2. Commodities and Garbage. A colleague who studies DeLillo motivated me to approach Underworld by observing that the book is about trash. Nick Shay, the main character (if such a thing exists in a book like this) works in waste management and throughout the book contemplates the flow of commodities to garbage. His family’s diligent approach to sorting recycling, for example, and his understanding of all goods as future trash reveal a fixation on waste that simultaneously reminds the reader that objects don’t go away, they simply change states. Klara Sax remembers “”We took junk and saved it for art.” And Nick and Klara meet up in the dessert where Sax is creating a massive art project by repainting surplus B-52s. The massive salt vaults destined to house radioactive waste makes a cameo when Nick Shay visits them as they’re being prepared to house radioactive waste which will remain dangerous for a million years. Later in the book, J. Edgar Hoover and Clyde Tolson reflect on their practice of investigating organized crime figures by “ransacking their garbage” (p. 557) when it turns out that activists are trying to ransack Hoover’s curbside trash.
Everything is connected and everything continues to exist.

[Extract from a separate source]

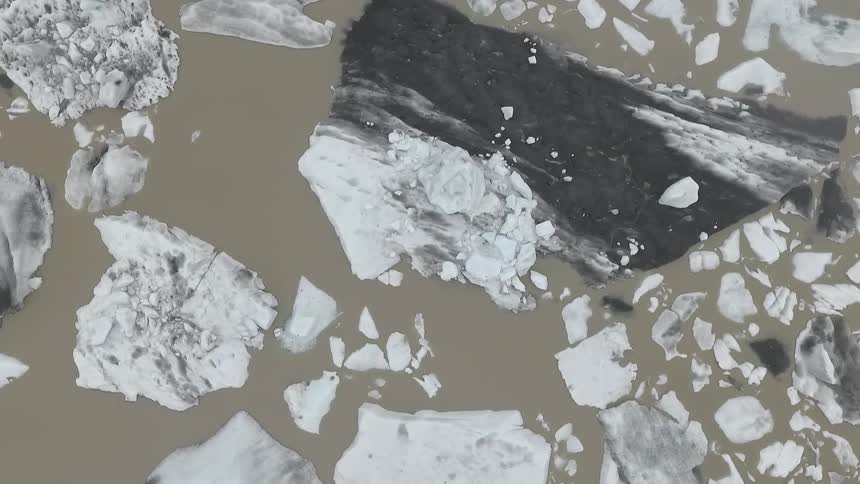 Aerial shot of ice blocks on the water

Midway through the book, a Bill Rathje – A.J. Weberman hybrid appears at a California waste management convention (p. 286ff) as a character called Jesse Detwiler. Detwiler tells the assembled waste management executives that “waste is the best kept secret in the world” (p. 281) and urged them to “make waste public, local, visible” (p. 286). In the end, Detwiler reminds us that “everything’s connected.”

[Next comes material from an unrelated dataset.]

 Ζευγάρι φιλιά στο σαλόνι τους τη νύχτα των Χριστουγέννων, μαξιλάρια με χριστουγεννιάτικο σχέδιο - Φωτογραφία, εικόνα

3. The Southwest. The move from New York City and the 1951 pennant race to the desert southwest followed, loosely, the path of the Giants and Dodgers from New York to California. The urban fabric of mid-century New York likewise gives ways to the climate controlled suburbs of Phoenix, Arizona and the alternation between the two places tracks the change in notions of domesticity between the mid- and end of the 20th century in an effort to complicate this concession to linear time in the book.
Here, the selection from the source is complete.